Here is the architecture we use for most data pipelines at Harbor Software:

Ingestion layer: Reads from source (API, file, message queue). Validates schema using Pydantic models. Splits into valid stream and DLQ. Records ingestion metrics (records received, rejected, latency).
Transform layer: Applies business logic to valid records. Chunked processing with Redis-backed checkpoints. Circuit breakers for any external lookups during transformation. Each transformation function is independently unit-tested.
Load layer: Writes to target (database, data warehouse, file storage). All writes are idempotent using upserts or deterministic file naming. Batched for performance (we use psycopg2.extras.execute_values for PostgreSQL bulk inserts at 10-50x the speed of individual inserts).
Quality layer: Runs data quality assertions against the output. Alerts on failures. Logs quality scores for trend analysis.
Observability layer: Prometheus metrics, structured JSON logs, and alert rules across all stages. Grafana dashboards for real-time monitoring and historical analysis.

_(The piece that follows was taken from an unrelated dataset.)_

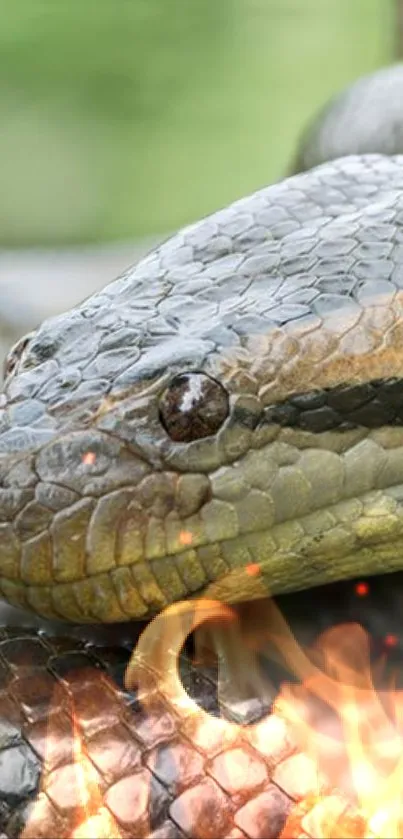 Close-up of a snake with flames in the background, ideal for mobile wallpaper.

The orchestrator -- we use Prefect over Airflow for most projects because the API is cleaner, the local development experience is dramatically better, and the Python-native approach avoids Airflow's DAG serialization quirks -- manages scheduling, retries, and dependency ordering. Each stage is a separate task with its own retry policy. The orchestrator also provides a web UI where operators can see pipeline status, trigger manual runs, and inspect failed tasks without touching the command line.

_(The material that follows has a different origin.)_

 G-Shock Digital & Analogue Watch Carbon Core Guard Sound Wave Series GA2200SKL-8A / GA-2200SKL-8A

The entire pipeline is containerized with Docker and deployed on Kubernetes. Each run gets its own pod, so resource contention between runs is impossible. Failed runs leave their logs and checkpoints intact for debugging. Kubernetes resource limits (CPU and memory) provide a safety net against runaway jobs consuming cluster resources.

Conclusion

Reliable data pipelines are not built with clever algorithms or cutting-edge technology. They are built with paranoid engineering: validate everything at the boundary, make every operation retryable, chunk large jobs into small pieces with checkpoints, isolate failures from healthy records, wrap every external call in a circuit breaker, and watch everything with metrics and alerts.

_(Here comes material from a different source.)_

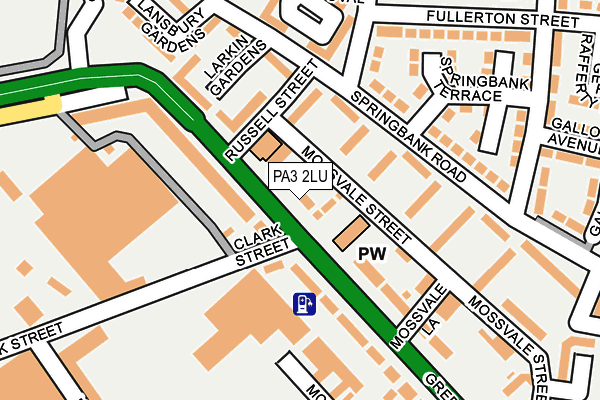 PA3 2LU map - OS OpenMap – Local (Ordnance Survey)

The pipeline that processes 10 million records flawlessly every night without waking anyone up is not impressive because of its scale. It is impressive because of its boring, methodical, defense-in-depth approach to every possible failure mode. Each guardrail individually seems like overkill. Together, they create a system that absorbs the constant chaos of real-world data -- schema changes, volume spikes, upstream outages, malformed records -- without breaking. That is the kind of engineering that lets you sleep at night.